Manteve os mesmos suportes que já faziam parte de seu vocabulário e passou a apropriar-se dos testes de cor que frequentemente realizava no processo de fatura das obras anteriores. Estes “ensaios”, parte intrínseca de seu ofício, vinham sendo acumulados no ateliê há algum tempo – são pedaços e restos de papel usados para testar nuances, a diluição da aquarela, a intensidade da pincelada, a grossura do traço e a textura da tinta sobre o papel. Curiosamente, ao tentar reproduzi-los, era preciso praticar novos testes, que por sua vez podiam servir de matriz para novos simulacros, e assim por diante, em um auto-encadeamento quase infinito.

O políptico com os variados testes deu origem a outros tipos de autorretrato, como a reprodução do papel higiênico usado para limpar os pinceis, e até mesmo dos godets usados para misturar as tintas (que também foram fundidos em alumínio sob encomenda, coloridos para tentar reproduzir fielmente os vestígios de tinta, como uma pintura tridimensional). Estas obras são as múltiplas versões que Mauro Piva (re)criou de si mesmo – assimilando as inevitáveis pequenas imprecisões inerentes ao procedimento manual. A dimensão mais forte e o aspecto mais relevante deste conjunto, contudo, não residem na técnica e maestria necessárias à execução dos simulacros, muito imediatas aos olhos, mas sim na potência de apropriar-se de si mesmo, dos próprios acidentes, de todos os traços fortuitos que foram feitos até aquele momento e de toda a esfera íntima que ali se materializa.

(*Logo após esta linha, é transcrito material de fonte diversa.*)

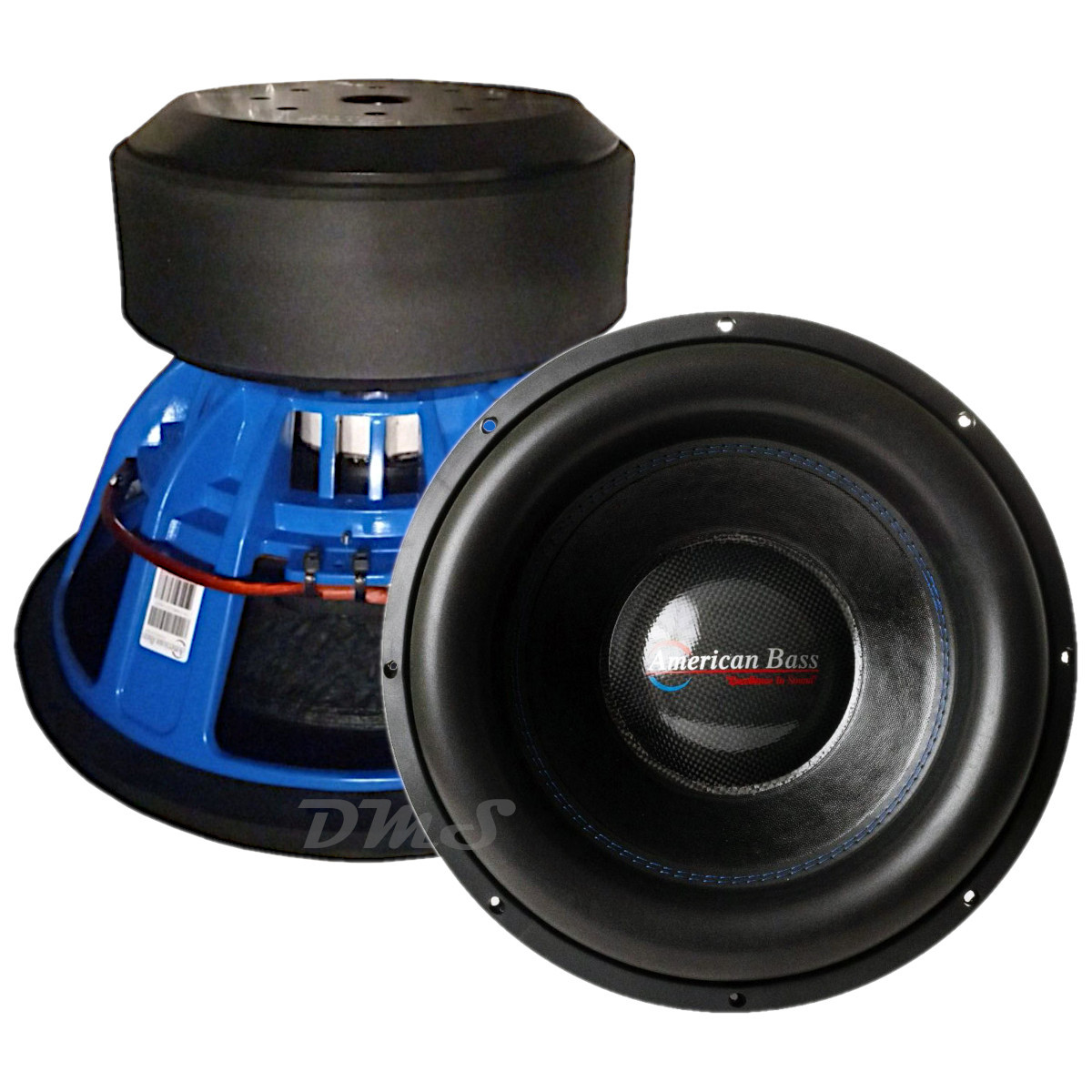 American Bass XMAXXX Monster 15 Inch 8000W DVC 1 Ohm Subwoofer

O encontro com Matisse também despertou a curiosidade sobre outros artistas que tivessem como prática em seu processo criativo a realização de testes e esboços de cor. Deparou-se com Ellsworth Kelly, William Turner, Caspar David Friedrich, Elizabeth Peyton, Joseph Albers e William Kentridge e decidiu, então, duplicar o material marginal que ia encontrando. Com extrema destreza, alcançou o mesmo efeito surpreendente de seus autorretratos.

Além do método laborioso, intrincado, Piva teria ainda que aprender a simular a mão de outra pessoa. Se já havia analisado ad nauseam a própria pincelada, foi preciso investigar e estudar à exaustão a pincelada dos outros pintores, íntima e descompromissada. Nesse sentido, encará-los não foi uma maneira de pintar seus retratos, mas de transfigurar-se para ser Albers enquanto reproduzia os testes de Albers, ou de incorporar Turner ao duplicar a pincelada de seus cadernos de desenho. Mauro Piva, assim, transforma testes de cor em autorretratos, seja de si mesmo ou de qualquer outro artista – não sem reconhecer que, para ele, entre os originais e suas reproduções há uma imensurável distância, como quando vemos o reflexo de uma figura sobre a água.